New Device May Require Second Reboot to be recognized, and made available to windows.

New Device May Require Second Reboot

In installing the Kioxia (Toshiba) M.2 SSD late last week, I was reminded of something interesting. Hence this article title: new device may require second reboot. In my rush to set up and learn more about the drive, I was initially surprised to find it absent when I first ran Disk Management (diskmgmt.msc) to get that process going. Then it hit me: maybe it’s not showing up in UEFI.

But to access UEFI, another reboot was required. And by the time i did that, sure enough the device appeared in the list of drives present in the 7080. However, I had to reboot a second time to see the UEFi/BIOS settings and that produced the results I was after.

Why New Device May Require Second Reboot

Sure enough, when I rebooted a third time to get into Windows, the drive appeared in the Disk Management utility. I was able to choose GPT disk layout, and to format the drive as a single contiguous volume named Tosh1TB. It shows up as “Disk 1” in the lead-in graphic for this story, in fact.
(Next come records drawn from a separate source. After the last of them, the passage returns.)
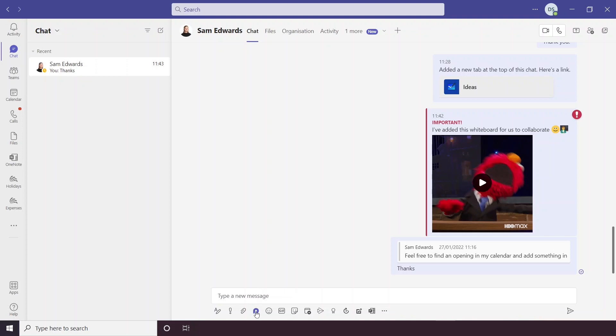Loop Components can be found at the bottom of a chat in this toolbar here where you'd find your emojis and your attachment options. So we're going to click on it.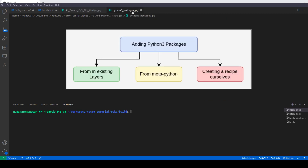In the previous video we learned two methods to add the Python 3 package into our image: one was from the existing layer and the other was from meta-python. But if you don't have the package available in both of them, then we have to create our own recipe.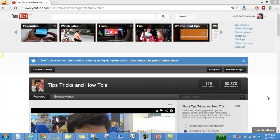Hey guys, this is Abhishek from Technics Update, and today we are going to tell you about how you can actually link your YouTube account to your Google Plus profile.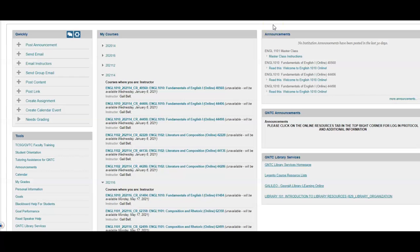I hope this overview has been useful to you. Please do not hesitate to call, email, or schedule an appointment — I want to work with you. We have the same goal: for you to be very successful this semester.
What sometimes makes a second boot necessary is the way that UEFI/BIOS supports device enumeration. On many laptops, certain changes to the hardware — especially RAM changes — automatically trigger a trip into the BIOS interface upon the next reboot. This gives admins a chance to make and review config changes before booting back into the OS.

Adding the Kioxia (Toshiba) 1 TB SSD didn’t trigger the UEFI on its own. But when I rebooted and forced a trip into that environment, the Toshiba device (identified as such in BIOS, not as Kioxia) appeared along with the primary SSD. The second trip was enough to see the device recognized in BIOS/UEFI. In turn this made it accessible to Windows when I returned to that environment. That’s how I was able to choose GPT layout, format the drive, and give it the name that appears in the screenshot above. Case closed!

Don’t Panic: Boot Again

If you find yourself in similar straits sometime, try another reboot (or two, actually). That will probably get the device recognized and make it available to Windows. Only if this fails should further troubleshooting be needed.  In that case, I’d start looking into possible SATA lane conflicts next.